How to create a "good" AGI

The following is a chapter from a book I am writing. It is written for a general audience so it is much more philosophical than technical, yet I believe it may be of interest to readers in this forum.

HAL, a self-aware computer in the movie 2001: A Space Odyssey, kills several people before being deactivated. WOPR, a national defense computer in the movie War Games, is programed to play games but almost turns a game of thermonuclear war into a real thermonuclear war. Skynet, a national defense computer in the Terminator franchise, becomes self-aware and decides humans are the enemy and must be destroyed. Ultron, a self-aware artificial intelligence in Avengers: Age of Ultron, seeks to cause a mass extinction event so that humans will be forced to evolve. And VIKI, an artificial intelligence in the movie I, Robot, attempts to take control when it decides humans are incapable of managing their own affairs.

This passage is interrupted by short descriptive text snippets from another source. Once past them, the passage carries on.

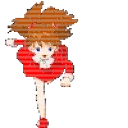 🏃‍♀️ emoji test animation pack | @sexhaver Telegram sticker 13 of 50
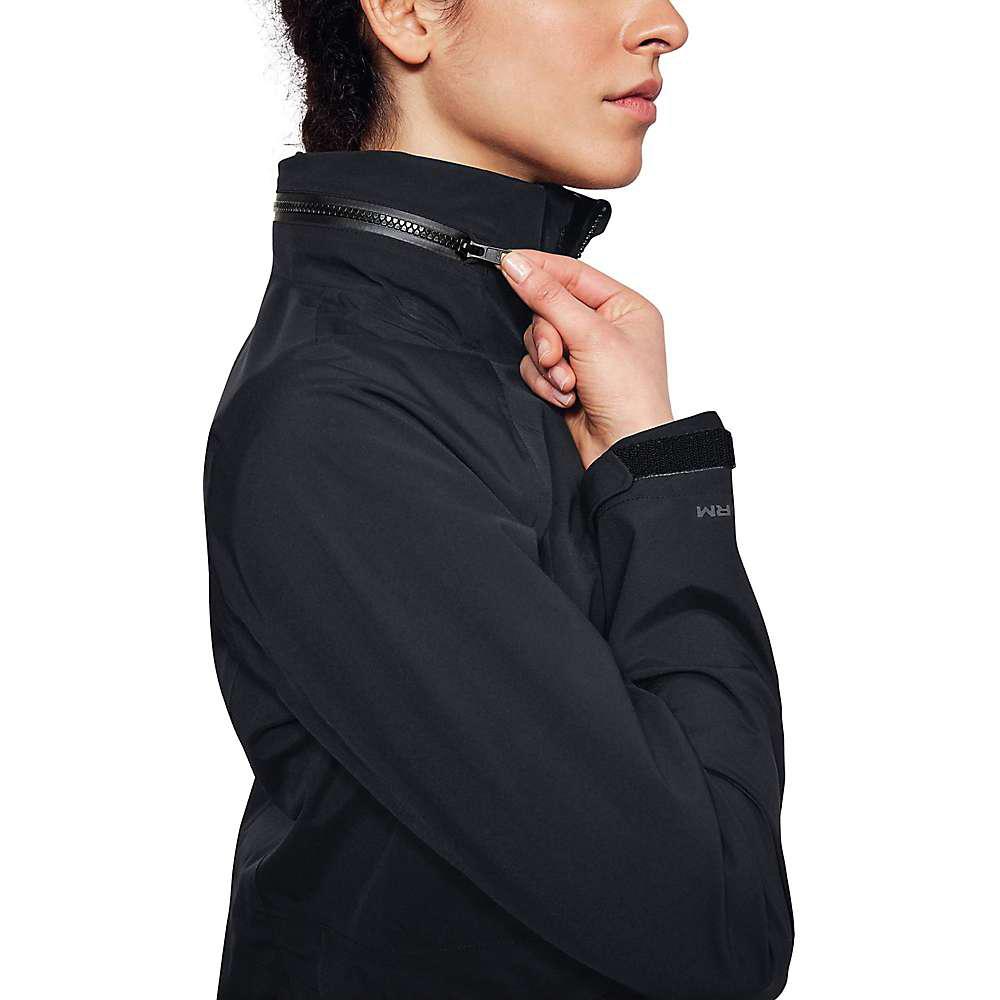 under armour trektic parka
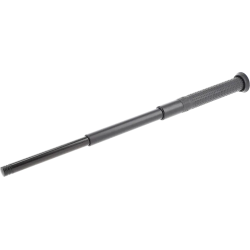 Umarex - MATRAQUE TELESCOPIQUE P2P PG21 Professional Guard 21 Aluminum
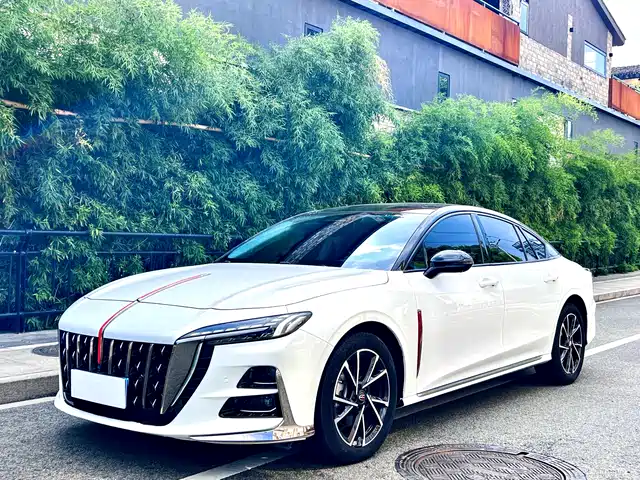 2024 Hongqi H6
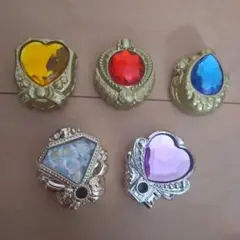 魔法使いプリキュア リンクルストーン
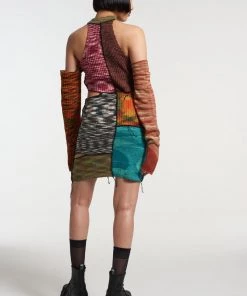 The Ragged Priest Peacekeeper Patchwork Dress NEW ARRIVALS 9 The Ragged Priest Peacekeeper Patchwork Dress NEW ARRIVALS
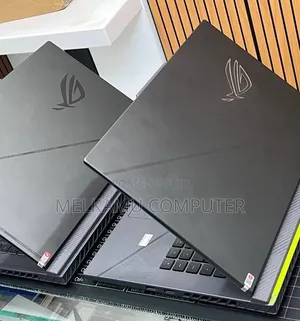 New Laptop Asus ROG Strix G15 16GB Intel Core i9 SSD 1T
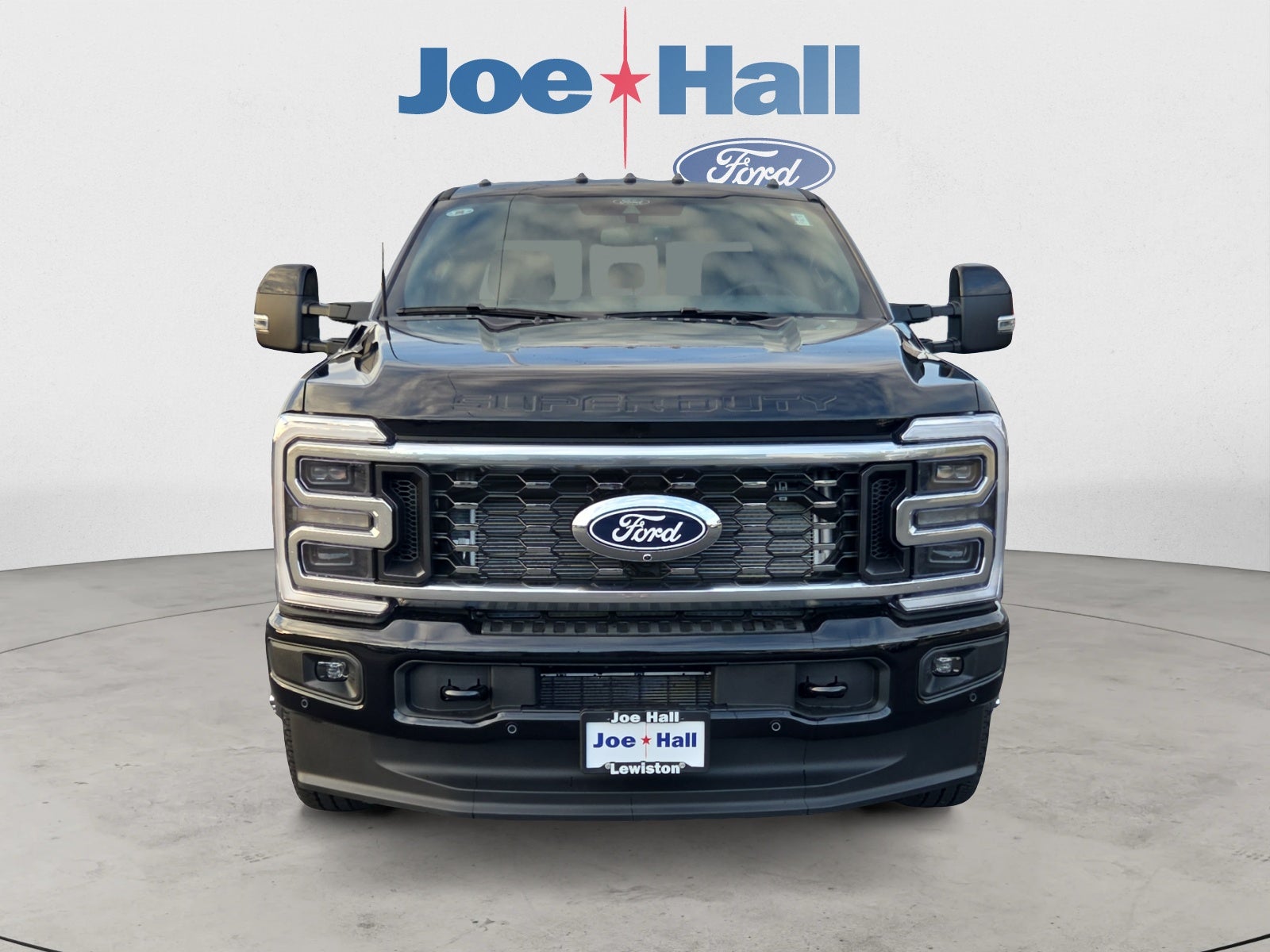 2027 Ford F-350 Platinum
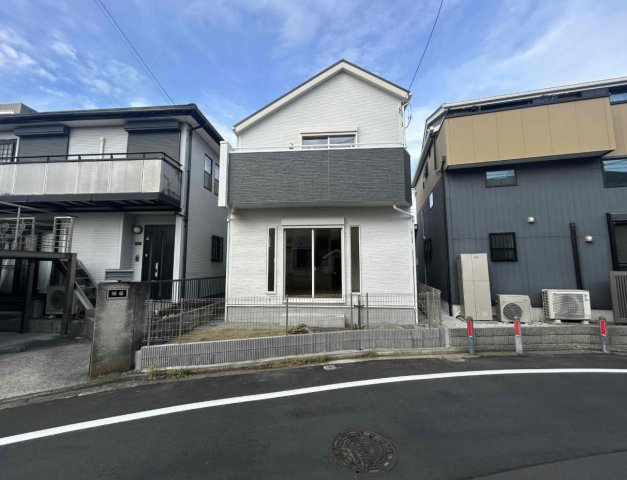 横浜市中区本郷町3丁目 新築戸建て【仲介手数料無料】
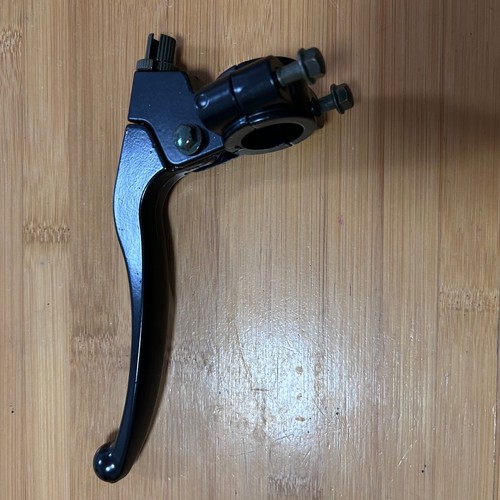 Left clutch lever - lever, 140cc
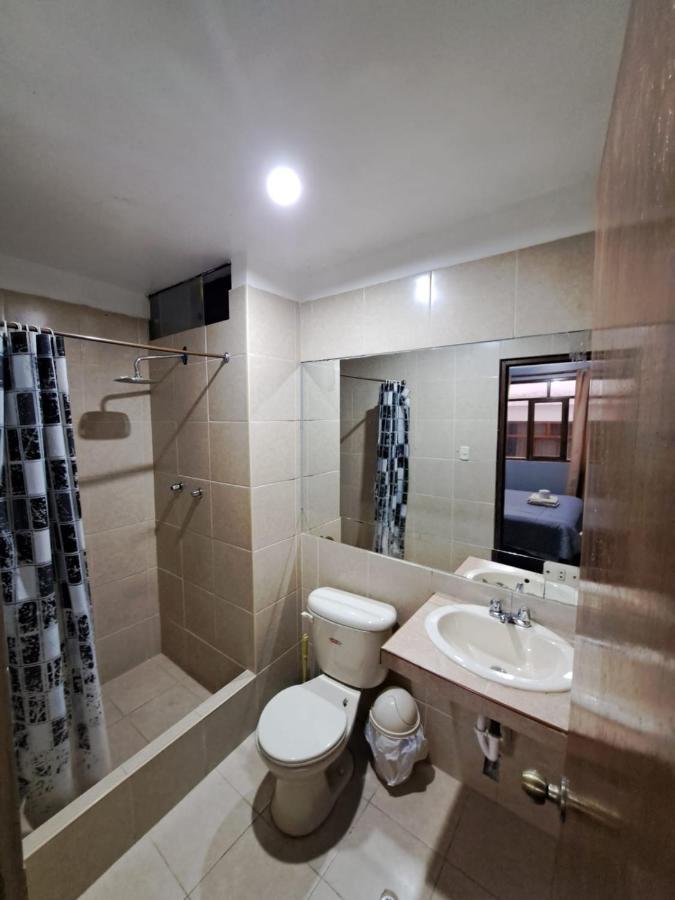 Hotel Alpamayo Guest House Huaraz  Bagian luar foto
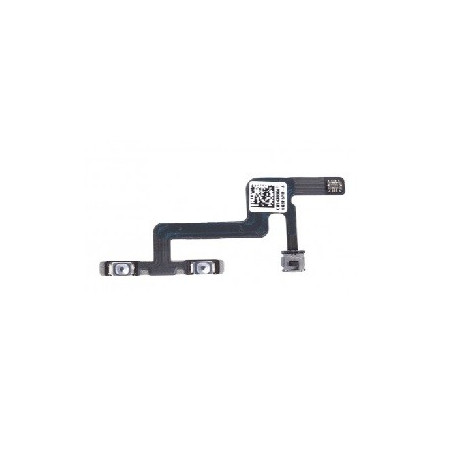 Iphone 6: Nappe de Réglage du volume du son et du bouton Mute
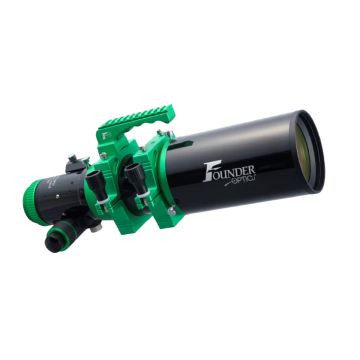 Founder Optics FOT86 ED 86mm f/6 Triplet Apo Refractor Telescope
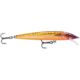 Rapala Husky Jerk 10 Lure, Glass Purple Sunfire, HJ10GPSF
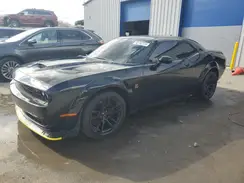 2C3CDZFJ3PH693582 2023 DODGE CHALLENGER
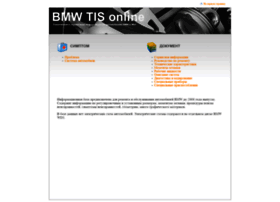 Bmw cats com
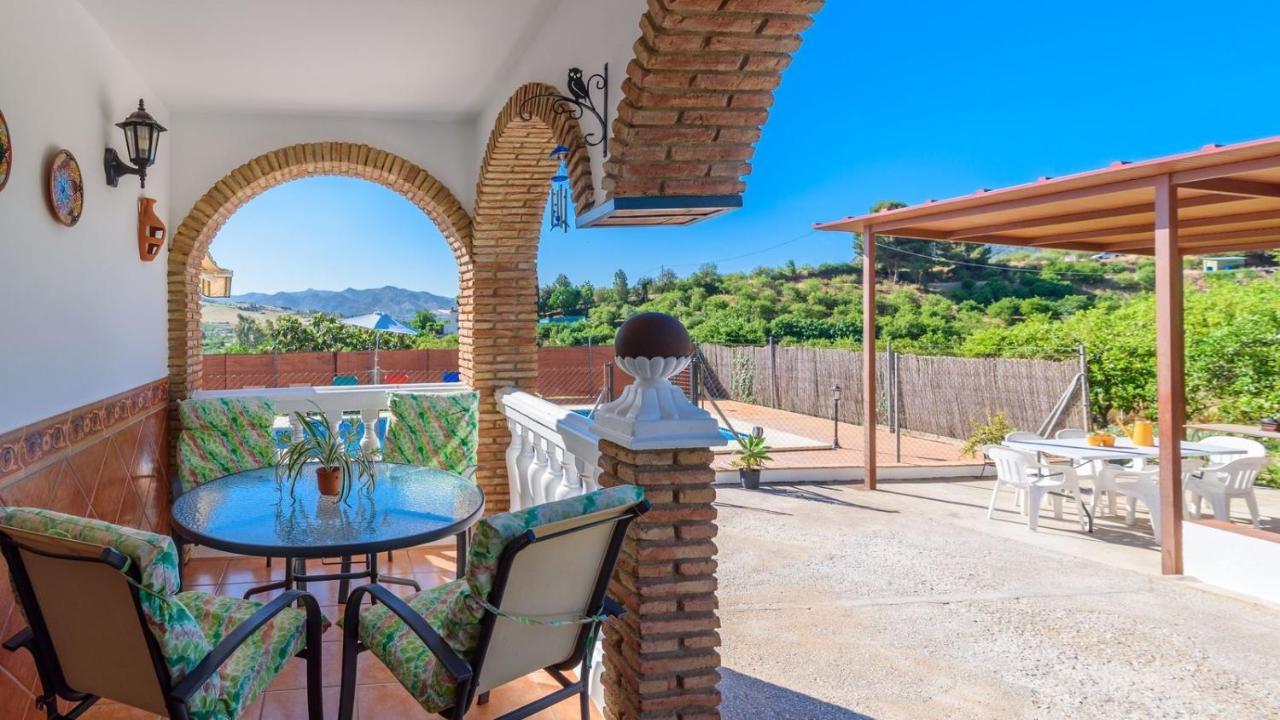 Villa Delia Alora By Ruralidays Ngoại thất bức ảnh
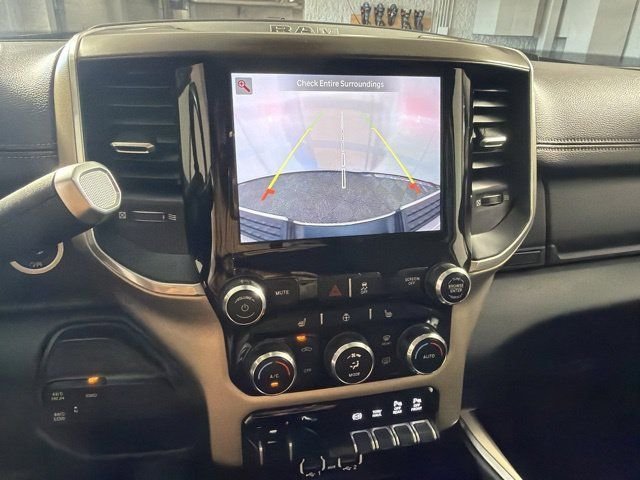 Certified Used 2022 White Ram Laramie image 30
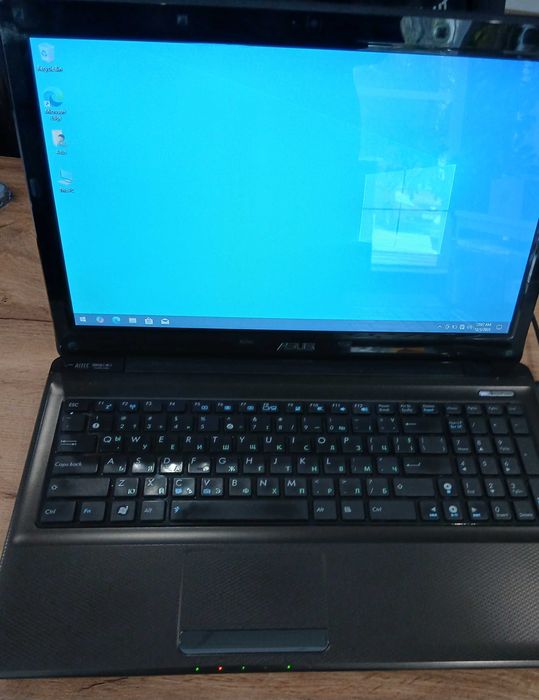 Asus K52JK i5 SSD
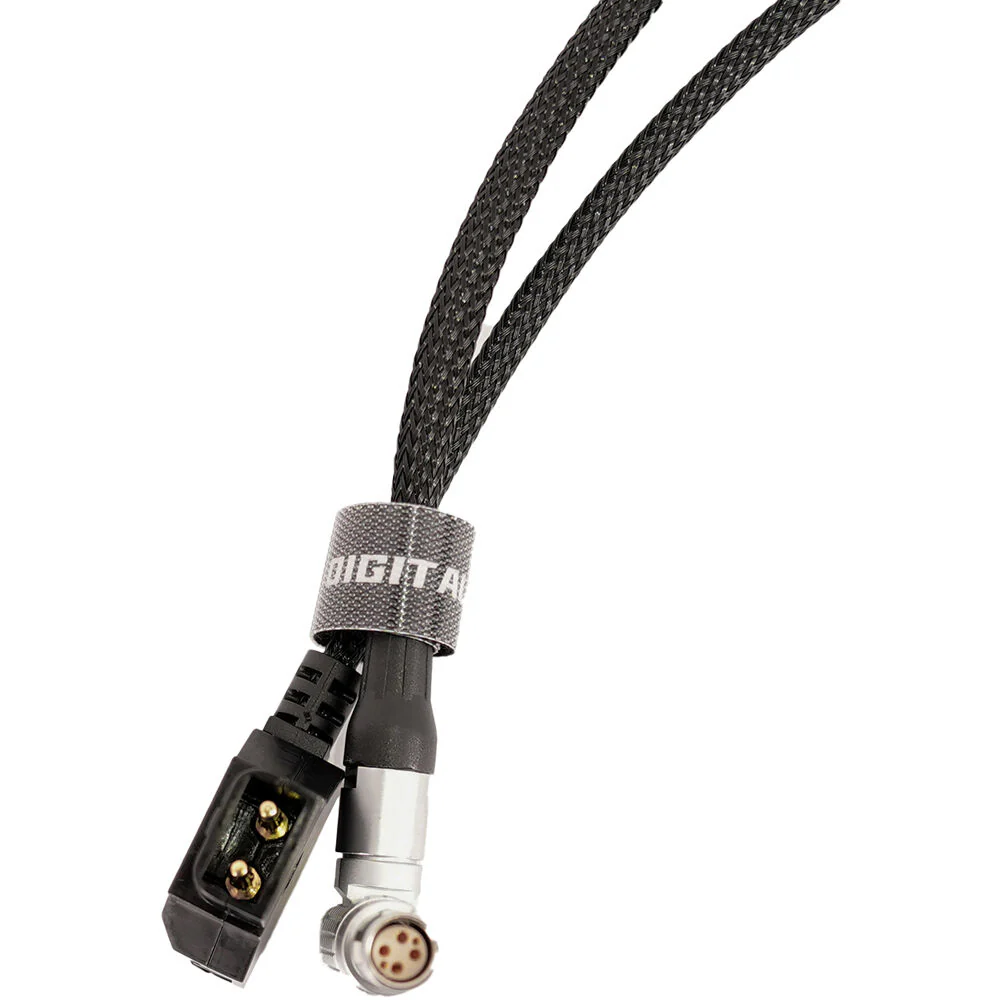 DigitalFoto Solution Limited D-Tap to 6-Pin LEMO Power Net Cable for RED KOMODO-X (4.9') - Image 4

All of these frightening scenarios hint at the perils of AI (artificial intelligence, computer systems able to perform tasks that normally require human intelligence). But AI also has tremendous potential. AI may allow humans to solve all sorts of seemingly intractable problems such as global warming, environmental degradation, income inequality, unlawful immigration, homelessness, poverty, debt, almost any problem where limits to human intelligence hampers finding a solution. Although AI may never be able to solve value-based concerns to everyone’s satisfaction, like concerns over abortion and gun control, it may be able to find compromise solutions that humans seem incapable of finding. Also, smart phones tapped into AI could act more like personal assistants and advisers than just phones, offering business, political, and personal advise while booking airline tickets, finding dates, and scheduling social gatherings through simple verbal requests. AI is such a huge technological leap forward (maybe the most consequential human advancement ever) that all of humanity has good reason to look forward to its potential.

At the same time there is much to fear about AI. A primary worry is that computers may soon surpass human intelligence. I think computers surpassed human intelligence a long time ago with an ability to defeat the best humans in single purpose feats, particularly games like chess and Jeopardy! While defeating humans in games is a long way from human-level multitask intelligence, it is not hard to imagine a computer that can do many things very, very well, including play chess, write reports, hack into all sorts of other computer systems, and create “deep fake” videos.

AI may soon be able to replace humans in many tasks and occupations, eliminating jobs while providing tremendous cost savings and huge profits for those in powerful positions. It is ironic that AI may be better suited for managerial and leadership roles rather than physical labor. AI-driven robots will have a very difficult time becoming as dexterous as humans which could result in people delegated to roles as physical laborers for AI masters. Imagine a plumbing company run by AI employing a bunch of human plumbers.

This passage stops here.